[DATA FOR THE TASK Boundary: Start]
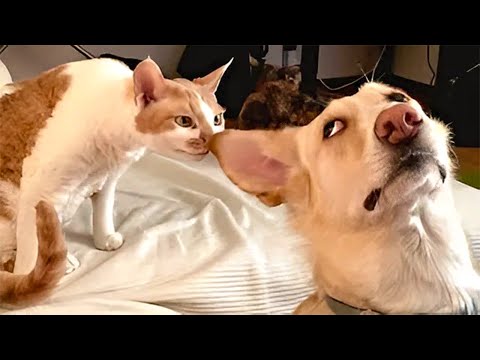 Funny Cat Videos of 2025 😍 Try not to laugh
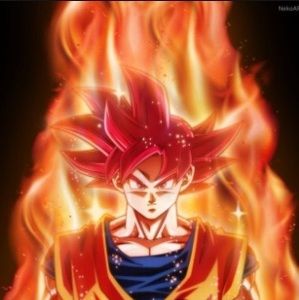 Meet your Posher, Erick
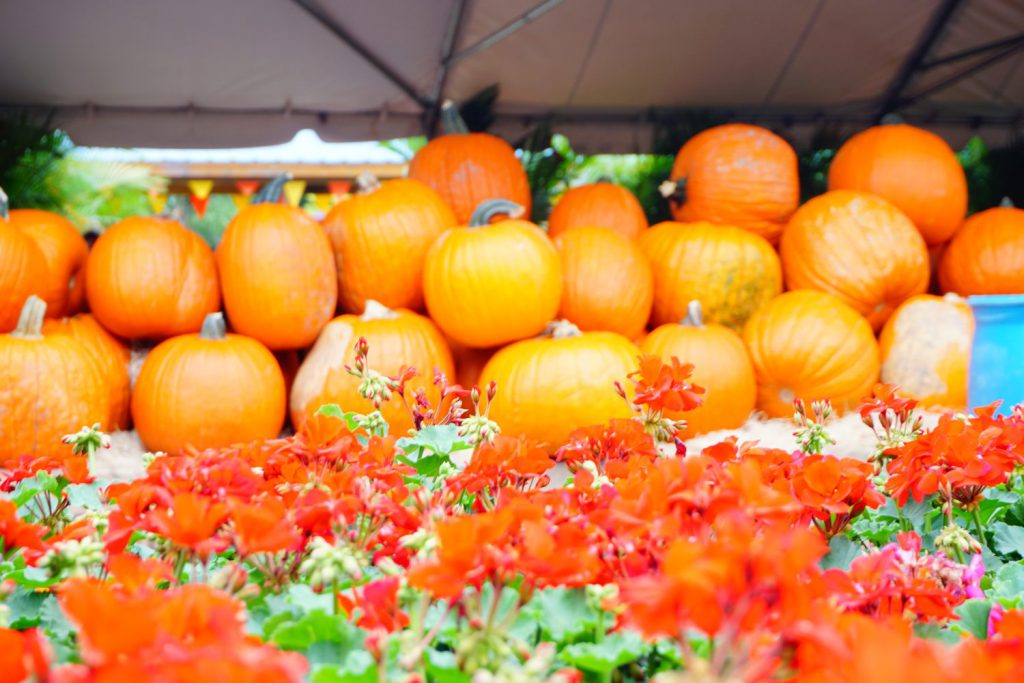 Fall pumpkins halloween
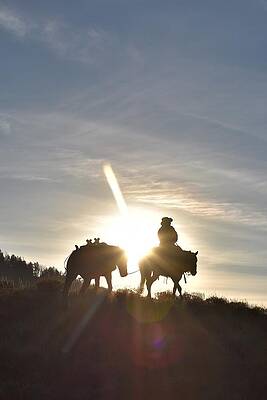 Cowboy Wall Art featuring the photograph Evening Commute by Alden White Ballard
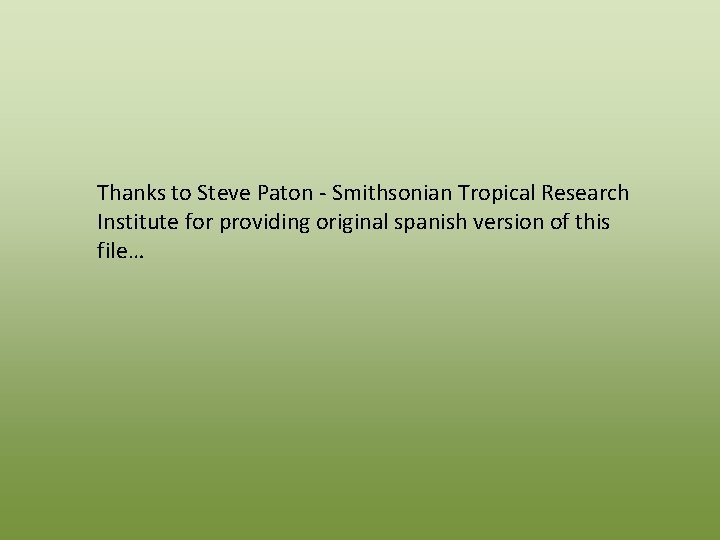 Thanks to Steve Paton - Smithsonian Tropical Research Institute for providing original spanish version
[DATA FOR THE TASK Boundary: End]
WHAT THE TASK REQUIRES. Please output an exact repetition of the lines from the line containing "Meet your Posher, Erick" to the end of the records, both included, with no pictures and no additional text.

TASK RESULT.
 Meet your Posher, Erick
 Fall pumpkins halloween
 Cowboy Wall Art featuring the photograph Evening Commute by Alden White Ballard
 Thanks to Steve Paton - Smithsonian Tropical Research Institute for providing original spanish version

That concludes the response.